The Teacher and the Student

What can the evolutionary nature of the relationship between Parent and Child teach us about becoming more progressive leaders?

For years, the relationship between a parent and a child embodies a definitive structure with a linear, top-to-bottom direction of authority, as between Teacher and Student.

However, as the youth grows into adulthood, the relationship between Parent and Child thus evolves into a more symbiotic one wherein both Parent and Child share the roles of teacher and student.

Similarly, with time, progressive leaders realize and embrace the natural development of a reciprocal relationship between Leader and Follower — as with superior and subordinate, and much like teacher and student — which ultimately benefits both parties for it nurtures creative problem solving and stronger development and implementation of ideas.
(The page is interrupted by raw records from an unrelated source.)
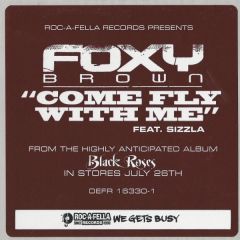 Foxy Brown - Foxy Brown - Come Fly With Me - Roc-A-Fella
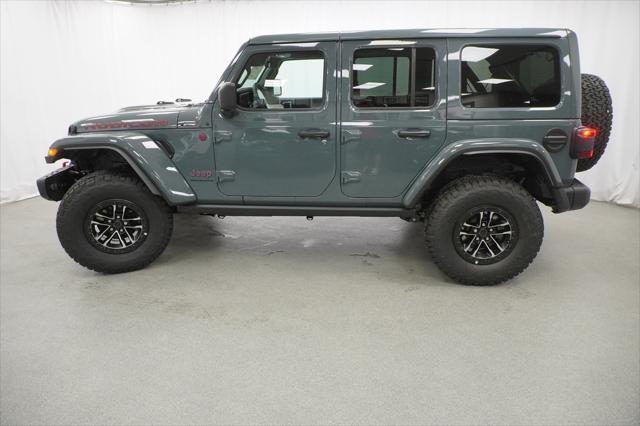 new 2025 Jeep Wrangler car, priced at $60,495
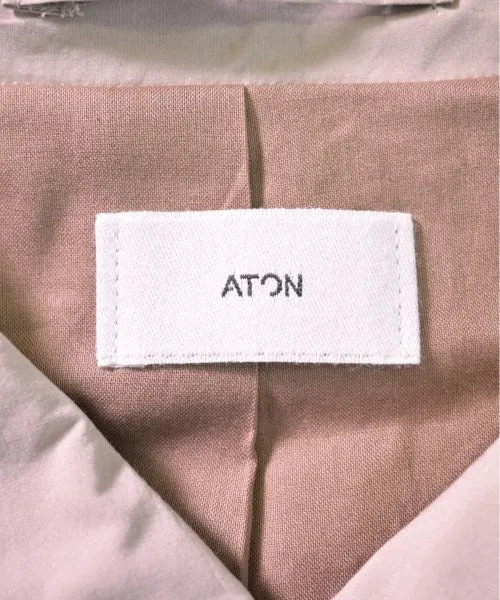 ATON Trench coats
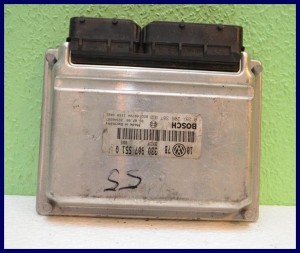 KOMPUTER AUDI A6 C5 2.8 3B0907551Q 0261206387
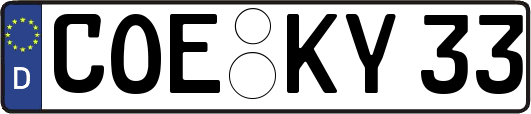 COE-KY33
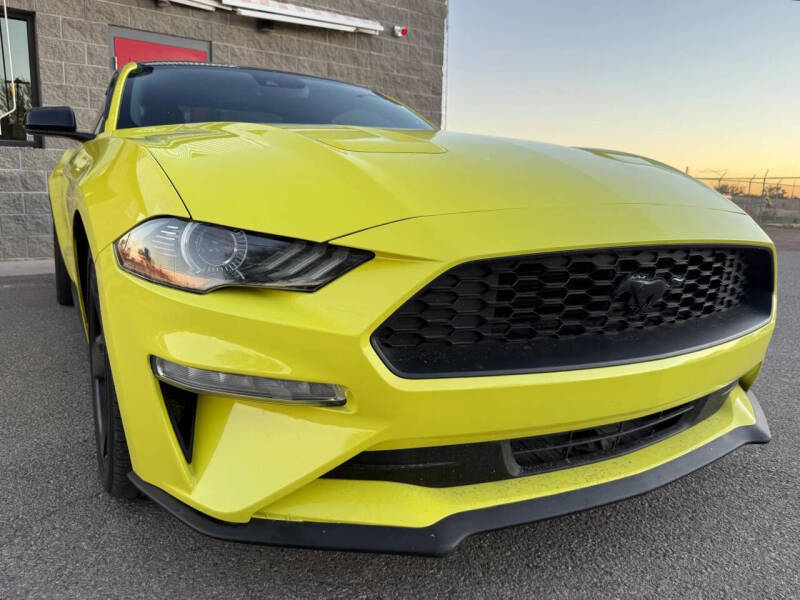 2021 Ford Mustang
Parenthood: The Teacher and the Student

Whether we are parents, guardians or simply some form of role model, as adults we instinctively take up the mantle of “teacher” with children. Children naturally assume the roles of pupils. As teachers, our jobs are to instruct them and to educate them. The direction of the teacher’s authority is linear and only goes in one direction: from top to bottom. The pupil is thus obliged to respect the authority, instruction and direction of the teacher. The teacher-student relationship between parent and child will, in many ways, never cease, even as the youth grows into adulthood.

However, and at the very least, the lines that define the power structure between Teacher and Student become less rigid and less apparent as the teacher and student begin to ultimately embrace a relationship of symbiosis in mutual adulthood: the nature of between instructor and pupil evolves.

Although the literal, physical relationship between Parent and Child never changes, as a youth grows into adulthood the Parent ultimately concedes the sovereign authority that he or she once commanded over the Child. The concession is a sign of respect. The evolution of the Parent-Child relationship benefits both parties, too: when both the parent and the youth can share the roles of Teacher and Student, they both undoubtedly benefit by sharing and learning from each other. As the saying goes, “two heads are better than one.”

Rethinking the Leader and the Follower

The conventional relationship between Leader and Follower mimics the power structure of Teacher and Pupil: it is linear, top-to-bottom, and rigid. Whereas the nature of the relationship between Parent and Child naturally evolves when the youth grows into adulthood thanks to the passing of time, time does not necessarily preclude conventional Leaders to embrace the notion of conceding his or her power.

However, they should. While the passing of time does not elevate the Follower to a level of shared authority and respect like it does to a Child, the passing of time will certainly age the Leader to his or her ultimate demise; in other words, no Leader can retain power forever, because, obviously, each of us is merely a mortal!

Thus, the passing of time will necessarily affect the nature of the relationship between Leader and Follower. As such, if leaders are truly invested in the longevity and ultimate success of their organization after they are gone, leaders should willfully embrace the evolutionary nature of the relationship between a parent and youth.

When the traditional role of leadership mimics the evolution of the relationship between Parent and Child, the leader, his or her followers, and the organization as a whole each benefit greatly. When the Leader and the Follower assume a shared, cooperative experience wherein they both embody the roles of Teacher and Pupil, one learns from the other and vice versa, and for the sake of the greater goals at hand. Conversely, leaders are merely striving to retain a fleeting sense of power that cannot ever be controlled, for the passing of time is forever beyond our control.

  • If you are a leader, do you embrace a mutual, co-beneficial relationship with your subordinates? Why or why not?
  • Can the evolutionary nature of the relationship between Parent and Child be applied to other facets of leadership?
  • In what specific ways can this alternative concept of leadership benefit the leader, the followers, and the organization as a whole?

I look forward to reading your thoughts and feedback!